L’era dei nuovi materiali nel campo dell’energia solare è iniziata e, accanto alla ricerca di prestazioni ed efficienze da record, la scienza di settore sta curando anche l’aspetto della sostenibilità. Un deciso passo avanti in questo senso l’ha compiuto l’Istituto superconduttori, materiali innovativi e dispositivi (Spin-Cnr) dell’Aquila con la messa a punto del fotovoltaico in perovskite ibrida totalmente ecologico.
Il progetto a cui hanno collaborato l’Università di Vienna e la North Carolina State University, segna un punto a favore delle ‘perovskiti’ ibride organico/inorganiche, ossidi di sintesi dalle molteplici proprietà fisico-chimiche.

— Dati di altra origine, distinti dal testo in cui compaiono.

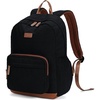image:imageECOHUB 156 Inch Corduroy Laptop Backpack Professional Work Bag with 30oz Tumbler Side Pockets Aesthetic Vintage College Bookbag Travel Carry On Backpack for Men amp Women BlackBlack
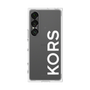 プレミアムスクエアケース［ MICHAEL KORS - Logo - White ］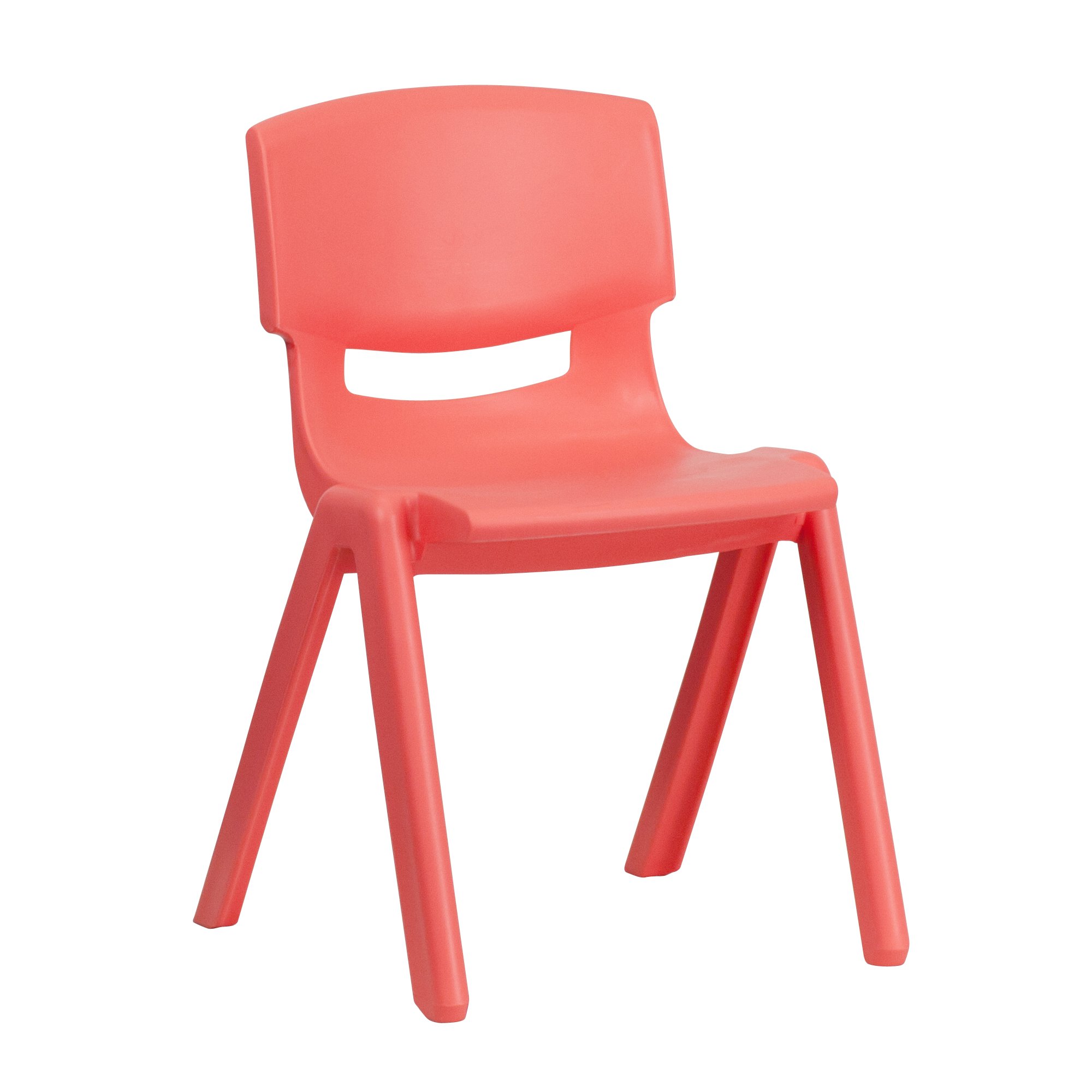 Flash Furniture Whitney 5-Pack Red Plastic Stackable School Chairs - 13.25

Questi minerali sono in grado di convertire quasi il 20% dell’energia solare in energia elettrica (il record è della Corea che ha raggiunto un tasso di conversione del 17,9%, riprendendosi un primato che era suo già nel 2009). Ma quello che hanno realizzato allo Spin-Cnr è un passo avanti ulteriore: “Il nostro studio era mirato a cercare un’alternativa sostenibile sia alle celle solari fatte di silicio, i cui costi sono elevati a causa dei complessi metodi di fabbricazione, sia alle perovskiti ibride finora studiate, meno costose ma tossiche per l’uomo e per l’ambiente per via del piombo in esse contenuto”, spiega Alessandro Stroppa, fisico Spin-Cnr. Lo stesso record raggiunto dalla Corea era stato reso possibile proprio da questo nocivo elemento, impiegato in quel caso in due composti differenti: il bromuro di piombo metilammonio e lo ioduro di piombo formamidinium.

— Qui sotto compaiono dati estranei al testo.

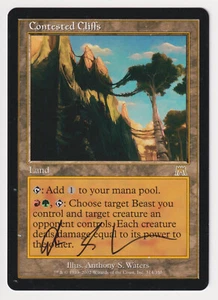 Signed Contested Cliffs Proof MP Onslaught Artist Anthony S. Waters MTG Magic AP - Picture 1 of 2
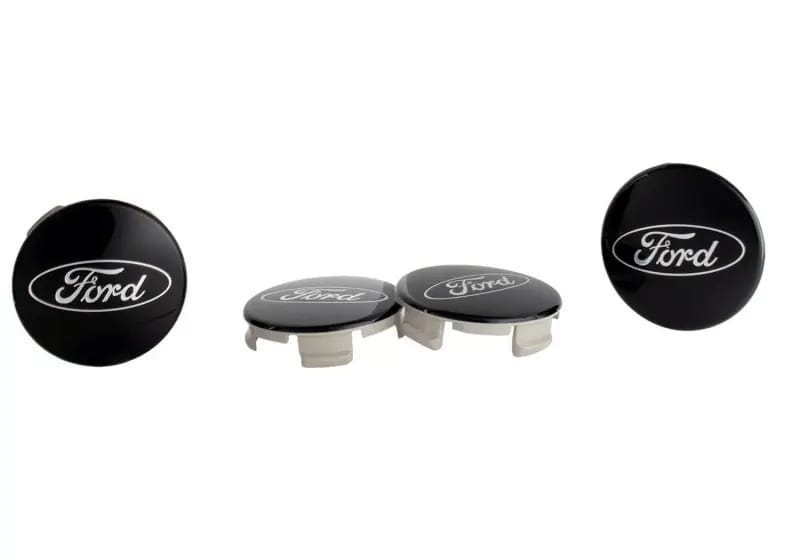 Ford Racing Ford Truck/SUV Black And Chrome Wheel Center Cap Kit thumbnail 3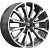 Скад КР006 8.5x20 6*139.7 ET33 DIA100.1 Diamond Black Gris Литой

La struttura del fotovoltaico in pervskite ibrida
E’ qui che arriva la svolta del tema di ricerca: attraverso uno studio teorico computazionale sulle perovskiti ecologiche hanno capito come fare a meno del piombo senza perdere in prestazioni. “Impiegando queste perovskiti per convertire energia solare in elettrica, avremmo quindi energia doppiamente pulita, da una parte perché solare e, dall’altra, perché ottenuta con un composto non contenente piombo”.
La struttura di questo fotovoltaico in perovskite ibrida è caratterizzata da una parte inorganica intercalata con molecole organiche, che, a loro volta, posseggono un dipolo elettrico. “Il nostro studio teorico – prosegue Silvia Picozzi, coordinatore del gruppo Spin-Cnr – mostra che questi dipoli possono ordinarsi e dar luogo ad una polarizzazione elettrica che aiuta le cariche foto-generate a separarsi, influenzando positivamente l’attività fotovoltaica, che risulta così potenziata”.